Paul Hastings adds four partner employment group in New York from Baker McKenzie

Team boosts Paul Hastings’ complex workplace litigation offering

(l-r) Paul Hastings partners Blair Robinson, Krissy Katzenstein, Jeff Sturgeon and Paul Evans Credit: Paul Hastings

Paul Hastings has strengthened its employment litigation offering in New York with the hire of a four-partner team from Baker McKenzie. 

The group comprises Paul Evans, Krissy Katzenstein, Blair Robinson and Jeffrey Sturgeon. They focus on matters including pay equity and human capital, complex Title VII and civil rights, ERISA and employment-related class actions.

Paul Hastings chair Frank Lopez said the group would enhance the firm’s ability “to represent clients at the c-suite and board levels on their most sophisticated and complex matters, including high-profile matters across the employment spectrum”.

At Paul Hastings, the group will work as part of an employment practice that is ranked Band 1 by Chambers and Partners in the US and has worked with clients including Activision Blizzard, AIG, Disney, Google, Meta, Nike and UPS. In New York, the practice is noted by Chambers for its particular expertise in class action litigation and internal investigations. 

The incoming partners told law.com they had often worked across from, and sometimes in conjunction with, Paul Hastings in the past and recently had been advising clients on how the upcoming US presidential election will affect employment law, as well as pay equity and the use of generative AI in hiring. 

The group’s arrival continues a period of aggressive lateral hiring by Paul Hastings, particularly in London and New York, where the firm expects headcount to be up nearly 50% since 2022 to more than 400 lawyers by year-end according to Bloomberg.

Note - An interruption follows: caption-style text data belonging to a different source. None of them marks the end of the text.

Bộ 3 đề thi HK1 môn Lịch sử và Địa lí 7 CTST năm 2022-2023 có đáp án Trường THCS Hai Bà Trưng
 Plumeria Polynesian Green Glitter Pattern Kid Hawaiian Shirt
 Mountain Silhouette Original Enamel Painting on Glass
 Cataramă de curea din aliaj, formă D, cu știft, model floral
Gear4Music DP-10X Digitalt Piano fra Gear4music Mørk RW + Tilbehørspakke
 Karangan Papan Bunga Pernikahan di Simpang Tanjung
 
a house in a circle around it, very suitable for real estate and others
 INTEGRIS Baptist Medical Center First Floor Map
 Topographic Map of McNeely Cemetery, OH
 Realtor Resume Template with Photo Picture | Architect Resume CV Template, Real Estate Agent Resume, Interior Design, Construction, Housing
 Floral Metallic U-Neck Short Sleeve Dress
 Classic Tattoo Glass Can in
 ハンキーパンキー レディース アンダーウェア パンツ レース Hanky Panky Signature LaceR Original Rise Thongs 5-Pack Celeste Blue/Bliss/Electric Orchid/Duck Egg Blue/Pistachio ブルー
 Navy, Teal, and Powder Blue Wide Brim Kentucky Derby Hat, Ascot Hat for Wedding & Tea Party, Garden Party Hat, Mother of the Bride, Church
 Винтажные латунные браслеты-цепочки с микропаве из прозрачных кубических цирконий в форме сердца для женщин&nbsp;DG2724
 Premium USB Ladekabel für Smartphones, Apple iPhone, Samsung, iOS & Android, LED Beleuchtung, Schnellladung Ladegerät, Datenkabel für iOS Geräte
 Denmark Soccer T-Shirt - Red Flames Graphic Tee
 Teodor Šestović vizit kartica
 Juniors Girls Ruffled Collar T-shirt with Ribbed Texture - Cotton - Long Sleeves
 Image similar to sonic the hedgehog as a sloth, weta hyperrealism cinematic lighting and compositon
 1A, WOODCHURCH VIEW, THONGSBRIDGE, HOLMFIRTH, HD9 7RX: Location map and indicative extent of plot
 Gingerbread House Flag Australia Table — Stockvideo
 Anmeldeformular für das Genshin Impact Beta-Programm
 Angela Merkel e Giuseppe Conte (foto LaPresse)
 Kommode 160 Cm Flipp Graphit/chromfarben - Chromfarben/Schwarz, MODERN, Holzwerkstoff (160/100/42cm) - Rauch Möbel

New York partner laterals this year include Joshua Ratner, who joined as global vice chair of private equity from Goodwin, and public M&A lawyer Timothy Fesenmyer, who joined from King & Spalding in September. 

Fesenmyer’s move reunited him with the 11-partner restructuring, private credit and special situations team that had defected from King & Spalding in June from a number of locations across the US, including in New York. 

Paul Hastings’ ambitious hiring strategy appears to be paying off, with the firm growing revenue nearly 9% last year to a record $1.8bn as rising demand saw it shrug off the post-2021 hangover that affected several of its rivals. Meantime profits per equity partner stood at around $5.4m last year according to data published by American Lawyer. 

A Baker McKenzie spokesperson commented: “We thank Paul, Krissy, Blair and Jeff for their contributions to Baker McKenzie as members of our globally recognised employment and compensation practice. Our employment team provides best-in-class representation for domestic and international employment litigation, counselling and transactional matters. We are committed to serving our clients and growing our capabilities in New York.”